→ **DATA LISTING**:

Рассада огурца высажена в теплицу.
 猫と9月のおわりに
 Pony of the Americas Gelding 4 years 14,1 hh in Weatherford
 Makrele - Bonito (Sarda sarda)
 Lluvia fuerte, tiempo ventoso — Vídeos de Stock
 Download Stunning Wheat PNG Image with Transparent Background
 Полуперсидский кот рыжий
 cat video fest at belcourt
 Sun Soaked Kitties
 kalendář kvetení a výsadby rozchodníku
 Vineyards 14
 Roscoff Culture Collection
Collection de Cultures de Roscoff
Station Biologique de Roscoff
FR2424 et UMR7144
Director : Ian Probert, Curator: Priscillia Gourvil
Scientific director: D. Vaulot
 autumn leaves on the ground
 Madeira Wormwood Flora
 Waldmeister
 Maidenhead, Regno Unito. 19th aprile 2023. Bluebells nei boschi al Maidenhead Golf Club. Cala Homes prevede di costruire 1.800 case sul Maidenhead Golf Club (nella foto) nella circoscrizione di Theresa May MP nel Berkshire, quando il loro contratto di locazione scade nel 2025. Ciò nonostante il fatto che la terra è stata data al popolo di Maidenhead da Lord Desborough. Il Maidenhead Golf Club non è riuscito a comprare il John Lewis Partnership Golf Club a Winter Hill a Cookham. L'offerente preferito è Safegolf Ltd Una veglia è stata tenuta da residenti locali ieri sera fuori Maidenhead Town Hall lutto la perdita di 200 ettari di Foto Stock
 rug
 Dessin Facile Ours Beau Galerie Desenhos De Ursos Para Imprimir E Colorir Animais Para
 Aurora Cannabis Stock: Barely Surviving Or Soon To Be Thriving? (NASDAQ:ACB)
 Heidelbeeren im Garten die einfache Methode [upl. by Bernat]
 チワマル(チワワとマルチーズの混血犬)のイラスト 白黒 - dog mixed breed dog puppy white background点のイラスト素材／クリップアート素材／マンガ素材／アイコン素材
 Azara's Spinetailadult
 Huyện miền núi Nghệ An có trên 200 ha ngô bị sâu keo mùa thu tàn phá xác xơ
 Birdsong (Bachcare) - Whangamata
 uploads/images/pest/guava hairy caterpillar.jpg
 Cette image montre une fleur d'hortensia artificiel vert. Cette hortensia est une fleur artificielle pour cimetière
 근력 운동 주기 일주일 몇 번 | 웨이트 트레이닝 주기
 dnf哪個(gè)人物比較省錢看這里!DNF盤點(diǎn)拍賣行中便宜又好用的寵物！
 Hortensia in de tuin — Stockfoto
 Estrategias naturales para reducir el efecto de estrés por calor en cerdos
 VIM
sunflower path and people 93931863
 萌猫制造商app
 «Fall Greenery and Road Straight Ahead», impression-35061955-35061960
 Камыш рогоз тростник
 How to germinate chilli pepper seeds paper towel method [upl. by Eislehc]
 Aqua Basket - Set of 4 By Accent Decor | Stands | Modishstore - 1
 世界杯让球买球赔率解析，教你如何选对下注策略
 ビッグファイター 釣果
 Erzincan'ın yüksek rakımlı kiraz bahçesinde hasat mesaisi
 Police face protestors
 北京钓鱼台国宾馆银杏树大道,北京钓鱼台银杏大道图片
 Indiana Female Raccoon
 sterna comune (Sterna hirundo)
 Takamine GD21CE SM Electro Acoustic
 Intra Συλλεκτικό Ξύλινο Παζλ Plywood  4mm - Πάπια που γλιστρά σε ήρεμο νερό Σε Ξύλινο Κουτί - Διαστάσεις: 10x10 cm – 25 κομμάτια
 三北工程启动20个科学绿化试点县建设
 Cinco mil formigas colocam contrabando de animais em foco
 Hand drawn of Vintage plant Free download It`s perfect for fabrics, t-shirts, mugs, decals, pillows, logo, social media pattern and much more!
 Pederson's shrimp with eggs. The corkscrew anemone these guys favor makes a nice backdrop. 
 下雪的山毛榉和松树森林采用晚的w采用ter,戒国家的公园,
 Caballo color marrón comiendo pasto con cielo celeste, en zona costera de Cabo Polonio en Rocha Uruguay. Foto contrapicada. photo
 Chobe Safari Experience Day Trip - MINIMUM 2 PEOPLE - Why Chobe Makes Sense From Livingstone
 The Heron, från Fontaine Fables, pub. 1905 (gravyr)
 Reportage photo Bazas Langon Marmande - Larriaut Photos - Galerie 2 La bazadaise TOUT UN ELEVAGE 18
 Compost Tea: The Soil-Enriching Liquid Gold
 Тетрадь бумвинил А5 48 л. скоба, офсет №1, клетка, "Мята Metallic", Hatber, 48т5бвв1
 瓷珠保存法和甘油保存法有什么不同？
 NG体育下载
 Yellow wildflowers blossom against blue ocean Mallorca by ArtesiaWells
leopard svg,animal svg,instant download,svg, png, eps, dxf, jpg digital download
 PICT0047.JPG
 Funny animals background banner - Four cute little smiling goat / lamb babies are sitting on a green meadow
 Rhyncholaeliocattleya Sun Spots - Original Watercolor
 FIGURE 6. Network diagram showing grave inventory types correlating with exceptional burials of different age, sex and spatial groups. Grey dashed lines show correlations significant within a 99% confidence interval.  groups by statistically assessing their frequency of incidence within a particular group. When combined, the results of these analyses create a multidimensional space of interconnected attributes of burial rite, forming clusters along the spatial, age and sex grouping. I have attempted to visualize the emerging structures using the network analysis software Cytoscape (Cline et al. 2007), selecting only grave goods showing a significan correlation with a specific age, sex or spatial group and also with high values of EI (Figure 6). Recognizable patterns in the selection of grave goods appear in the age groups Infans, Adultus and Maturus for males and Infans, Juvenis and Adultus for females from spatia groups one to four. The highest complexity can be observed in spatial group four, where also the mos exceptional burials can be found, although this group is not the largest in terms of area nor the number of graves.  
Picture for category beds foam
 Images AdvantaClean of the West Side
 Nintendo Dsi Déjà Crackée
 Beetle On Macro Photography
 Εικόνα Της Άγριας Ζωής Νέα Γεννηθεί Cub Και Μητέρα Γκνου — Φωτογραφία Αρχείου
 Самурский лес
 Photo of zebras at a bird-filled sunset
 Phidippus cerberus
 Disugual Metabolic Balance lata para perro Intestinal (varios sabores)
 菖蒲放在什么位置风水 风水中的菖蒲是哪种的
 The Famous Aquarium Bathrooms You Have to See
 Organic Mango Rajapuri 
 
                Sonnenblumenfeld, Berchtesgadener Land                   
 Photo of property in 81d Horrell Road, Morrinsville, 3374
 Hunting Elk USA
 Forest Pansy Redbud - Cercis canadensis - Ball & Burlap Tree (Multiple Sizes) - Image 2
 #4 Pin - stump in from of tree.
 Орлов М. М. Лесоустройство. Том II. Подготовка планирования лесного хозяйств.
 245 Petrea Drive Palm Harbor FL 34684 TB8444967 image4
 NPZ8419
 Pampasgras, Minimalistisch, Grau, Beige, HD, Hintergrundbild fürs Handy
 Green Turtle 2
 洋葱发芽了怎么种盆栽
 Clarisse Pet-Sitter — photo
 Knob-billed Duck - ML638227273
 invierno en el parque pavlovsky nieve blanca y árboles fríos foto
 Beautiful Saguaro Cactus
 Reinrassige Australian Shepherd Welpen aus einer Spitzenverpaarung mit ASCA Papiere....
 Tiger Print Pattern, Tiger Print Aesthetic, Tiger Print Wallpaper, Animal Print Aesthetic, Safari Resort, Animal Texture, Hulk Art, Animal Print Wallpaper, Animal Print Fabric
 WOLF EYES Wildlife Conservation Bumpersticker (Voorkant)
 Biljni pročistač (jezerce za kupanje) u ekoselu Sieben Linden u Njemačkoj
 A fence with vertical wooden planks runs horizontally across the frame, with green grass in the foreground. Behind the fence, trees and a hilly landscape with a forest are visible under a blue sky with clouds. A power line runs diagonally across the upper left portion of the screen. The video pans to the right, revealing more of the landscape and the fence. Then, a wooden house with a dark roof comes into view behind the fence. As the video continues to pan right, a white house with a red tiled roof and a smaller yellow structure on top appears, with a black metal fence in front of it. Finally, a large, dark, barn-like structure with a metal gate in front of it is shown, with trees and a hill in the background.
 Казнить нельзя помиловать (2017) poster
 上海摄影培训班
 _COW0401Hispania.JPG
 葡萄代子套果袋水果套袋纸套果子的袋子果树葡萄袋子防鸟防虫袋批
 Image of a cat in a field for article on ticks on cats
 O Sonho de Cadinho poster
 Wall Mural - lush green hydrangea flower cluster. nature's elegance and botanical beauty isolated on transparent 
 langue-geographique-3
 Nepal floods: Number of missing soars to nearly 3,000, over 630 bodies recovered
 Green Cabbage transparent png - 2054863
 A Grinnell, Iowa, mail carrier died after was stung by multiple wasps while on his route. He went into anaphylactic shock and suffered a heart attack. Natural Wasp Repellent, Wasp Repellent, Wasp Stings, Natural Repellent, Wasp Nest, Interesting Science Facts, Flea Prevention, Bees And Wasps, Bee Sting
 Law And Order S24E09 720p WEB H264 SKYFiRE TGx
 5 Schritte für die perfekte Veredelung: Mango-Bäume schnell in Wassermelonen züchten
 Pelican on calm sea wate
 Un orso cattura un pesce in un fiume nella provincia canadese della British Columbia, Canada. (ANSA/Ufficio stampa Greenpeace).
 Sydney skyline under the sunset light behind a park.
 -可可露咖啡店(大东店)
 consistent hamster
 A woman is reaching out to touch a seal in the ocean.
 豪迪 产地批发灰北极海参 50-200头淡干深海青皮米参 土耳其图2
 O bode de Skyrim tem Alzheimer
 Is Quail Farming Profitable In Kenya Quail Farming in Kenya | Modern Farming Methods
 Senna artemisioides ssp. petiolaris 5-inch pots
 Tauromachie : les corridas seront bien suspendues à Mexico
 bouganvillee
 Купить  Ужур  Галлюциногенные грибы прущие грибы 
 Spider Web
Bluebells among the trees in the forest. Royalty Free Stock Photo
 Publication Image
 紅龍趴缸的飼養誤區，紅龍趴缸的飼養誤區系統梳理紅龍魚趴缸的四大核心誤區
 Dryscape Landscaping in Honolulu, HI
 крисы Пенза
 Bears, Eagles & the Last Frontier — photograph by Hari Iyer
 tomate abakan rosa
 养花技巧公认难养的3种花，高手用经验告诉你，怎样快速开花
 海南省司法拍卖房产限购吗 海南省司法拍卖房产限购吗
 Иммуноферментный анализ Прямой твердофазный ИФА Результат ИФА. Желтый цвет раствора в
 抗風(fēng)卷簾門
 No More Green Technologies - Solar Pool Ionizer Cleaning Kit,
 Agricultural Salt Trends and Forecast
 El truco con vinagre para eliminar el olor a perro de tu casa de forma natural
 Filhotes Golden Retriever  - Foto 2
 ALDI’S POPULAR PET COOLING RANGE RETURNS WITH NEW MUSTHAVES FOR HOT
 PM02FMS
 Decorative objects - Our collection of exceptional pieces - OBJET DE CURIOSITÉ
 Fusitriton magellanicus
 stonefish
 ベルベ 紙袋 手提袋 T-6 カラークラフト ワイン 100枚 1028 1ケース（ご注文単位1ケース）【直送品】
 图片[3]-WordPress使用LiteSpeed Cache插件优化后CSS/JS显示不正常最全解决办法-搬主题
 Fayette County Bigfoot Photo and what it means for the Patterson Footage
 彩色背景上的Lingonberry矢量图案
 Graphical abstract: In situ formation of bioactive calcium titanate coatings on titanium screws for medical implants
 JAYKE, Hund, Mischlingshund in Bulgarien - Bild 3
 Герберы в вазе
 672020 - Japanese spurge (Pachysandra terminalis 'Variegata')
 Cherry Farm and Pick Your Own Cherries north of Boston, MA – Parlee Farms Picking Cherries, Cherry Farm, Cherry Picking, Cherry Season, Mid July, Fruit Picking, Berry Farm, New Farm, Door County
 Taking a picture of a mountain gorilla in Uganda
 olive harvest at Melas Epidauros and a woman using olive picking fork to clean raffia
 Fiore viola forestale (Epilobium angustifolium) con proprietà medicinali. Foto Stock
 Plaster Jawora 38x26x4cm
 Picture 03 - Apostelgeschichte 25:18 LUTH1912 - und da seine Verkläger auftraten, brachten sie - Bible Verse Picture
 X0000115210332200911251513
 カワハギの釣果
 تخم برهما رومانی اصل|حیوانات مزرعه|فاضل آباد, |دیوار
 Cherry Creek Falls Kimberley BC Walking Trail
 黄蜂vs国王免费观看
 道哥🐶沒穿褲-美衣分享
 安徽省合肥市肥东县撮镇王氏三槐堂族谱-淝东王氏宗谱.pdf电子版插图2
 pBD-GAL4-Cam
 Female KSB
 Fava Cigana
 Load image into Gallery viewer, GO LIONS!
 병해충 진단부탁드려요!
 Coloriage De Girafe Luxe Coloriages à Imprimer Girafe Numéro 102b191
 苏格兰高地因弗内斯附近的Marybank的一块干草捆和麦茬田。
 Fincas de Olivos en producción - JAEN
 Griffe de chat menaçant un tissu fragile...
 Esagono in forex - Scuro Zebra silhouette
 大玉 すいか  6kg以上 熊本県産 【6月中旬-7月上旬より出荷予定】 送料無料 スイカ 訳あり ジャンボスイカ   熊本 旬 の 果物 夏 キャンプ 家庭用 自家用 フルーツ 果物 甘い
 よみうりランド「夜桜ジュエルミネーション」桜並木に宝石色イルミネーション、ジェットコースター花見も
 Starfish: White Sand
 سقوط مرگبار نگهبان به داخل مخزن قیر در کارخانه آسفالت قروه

→ **AIM OF THE TASK**: Using the records above, set down exactly the lines from the one with "Pelican on calm sea wate" through the one with "consistent hamster", inclusive, and nothing more.

→ **ANSWER SECTION**:
 Pelican on calm sea wate
 Un orso cattura un pesce in un fiume nella provincia canadese della British Columbia, Canada. (ANSA/Ufficio stampa Greenpeace).
 Sydney skyline under the sunset light behind a park.
 -可可露咖啡店(大东店)
 consistent hamster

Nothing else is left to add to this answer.